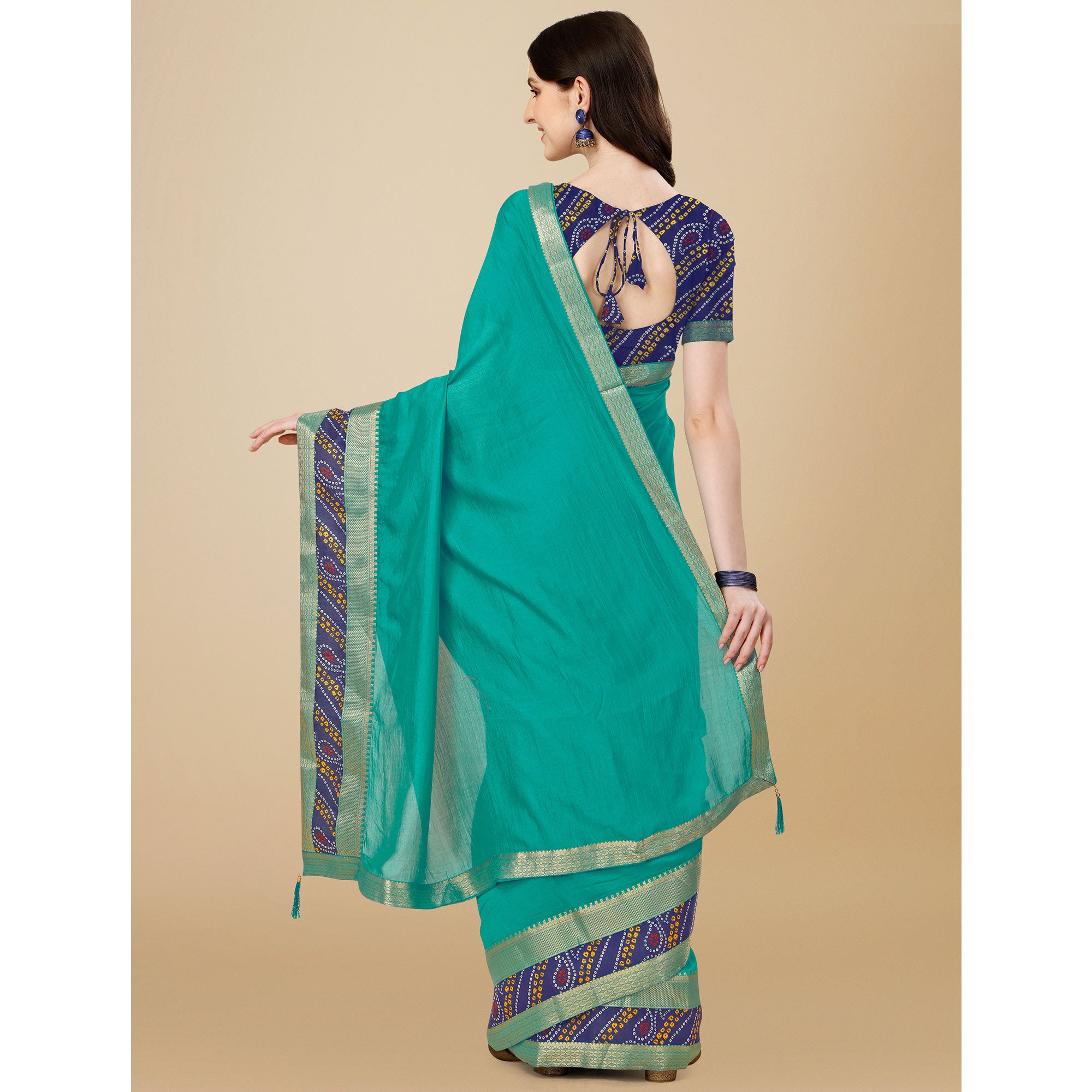 Turquoise Solid Vichitra Silk Saree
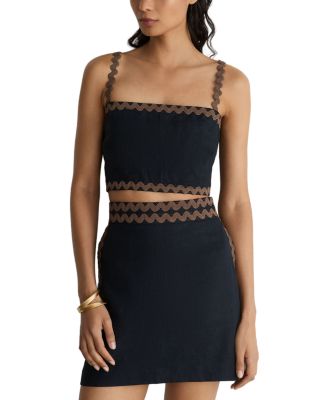Mila Linen Wave Trim Mini Skirt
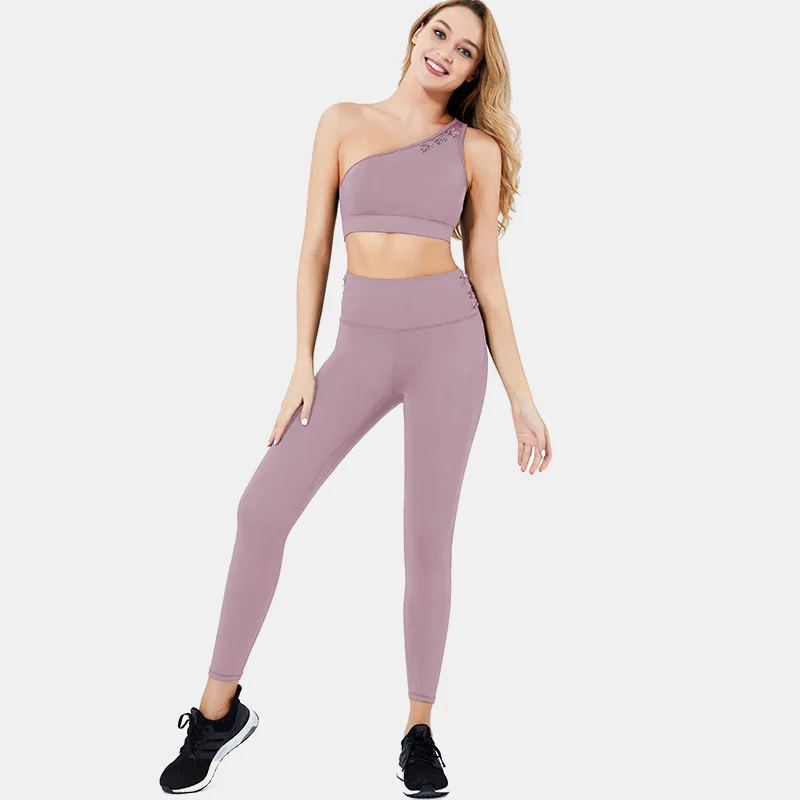 

One Shoulder Sexy 2 Piece Yoga Set Women Gym Apparel Quick Dry Yoga Set, Customized colors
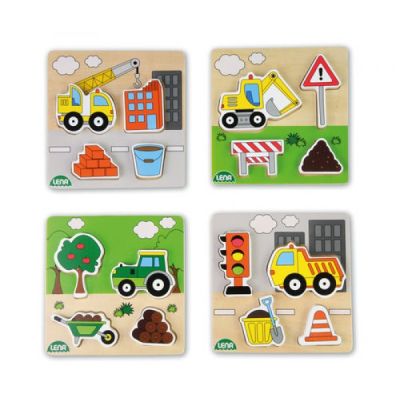 Puzzle din lemn Lena pentru copii 4 piese mari tematic Vehicule - SOLLE32160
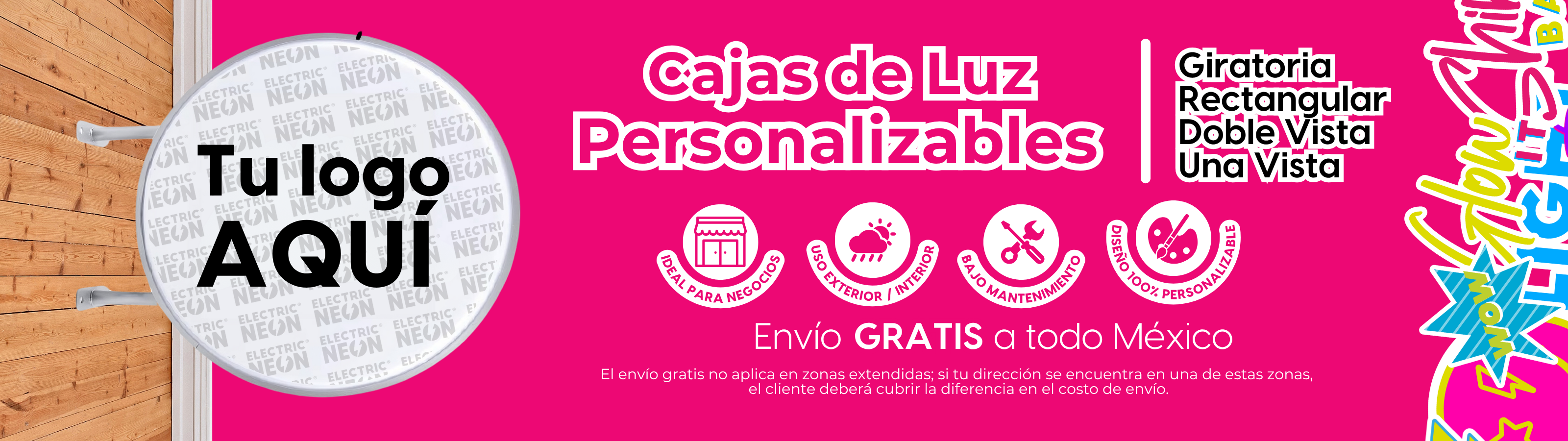 Advertisement for customizable light boxes with free shipping in Mexico.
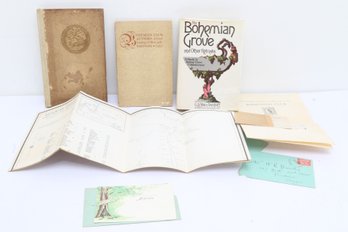 RARE MAP & EPHEMERA Bohemian Club Grove Ephemera Bohemian Club Authors 1937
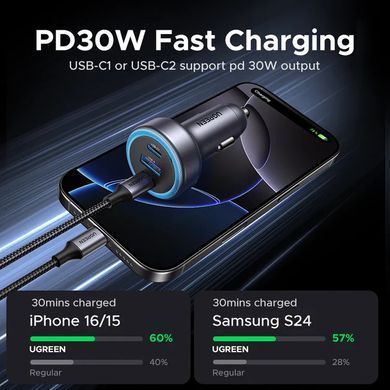 Купити Автомобільний зарядний пристрій UGREEN EC307 30W 3-Port Fast Car Charger
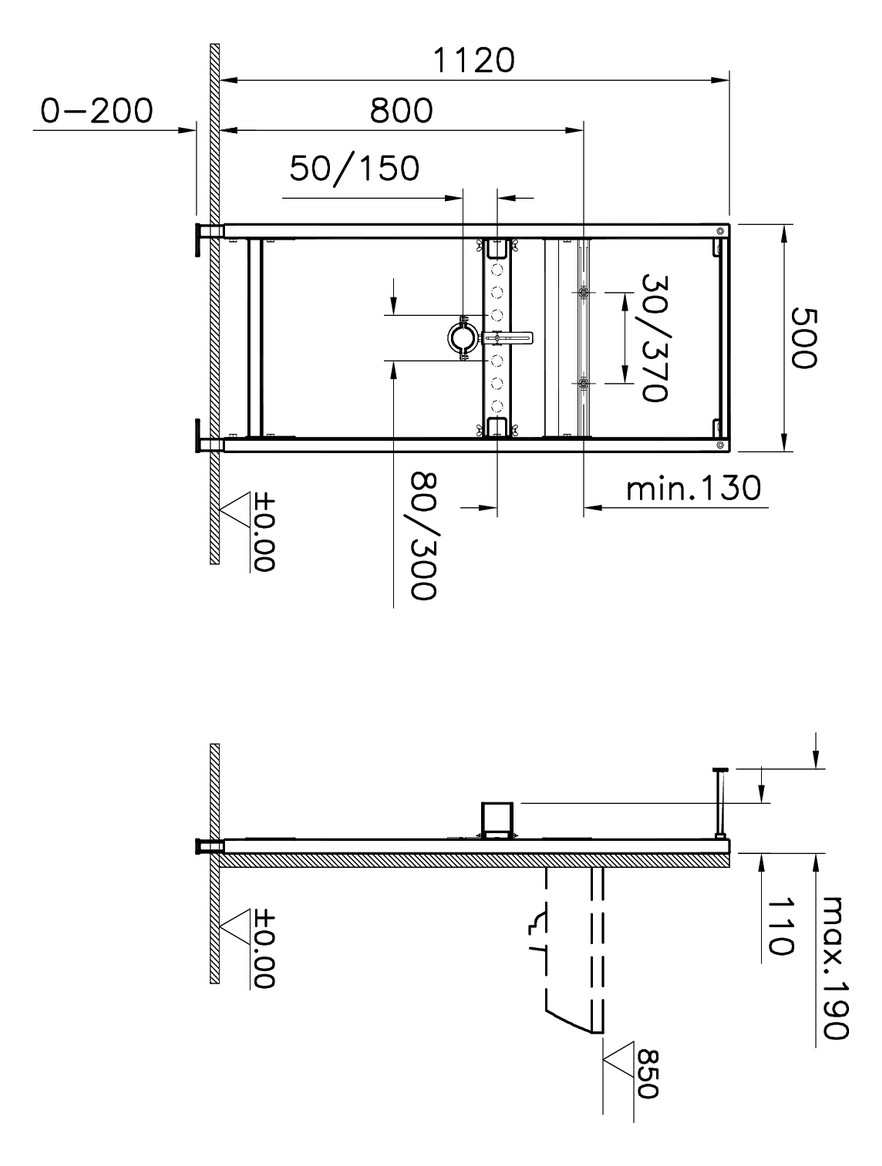 VitrA Bad Installationsrahmen V-Fix Easy 50x11-19x112cm, für Waschtische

## WHAT IS BEING ASKED
Output all the entries above verbatim, please. No images.

## TASK OUTPUT
 Turquoise Solid Vichitra Silk Saree
Mila Linen Wave Trim Mini Skirt

One Shoulder Sexy 2 Piece Yoga Set Women Gym Apparel Quick Dry Yoga Set, Customized colors
 Puzzle din lemn Lena pentru copii 4 piese mari tematic Vehicule - SOLLE32160
 Advertisement for customizable light boxes with free shipping in Mexico.
 RARE MAP & EPHEMERA Bohemian Club Grove Ephemera Bohemian Club Authors 1937
 Купити Автомобільний зарядний пристрій UGREEN EC307 30W 3-Port Fast Car Charger
 VitrA Bad Installationsrahmen V-Fix Easy 50x11-19x112cm, für Waschtische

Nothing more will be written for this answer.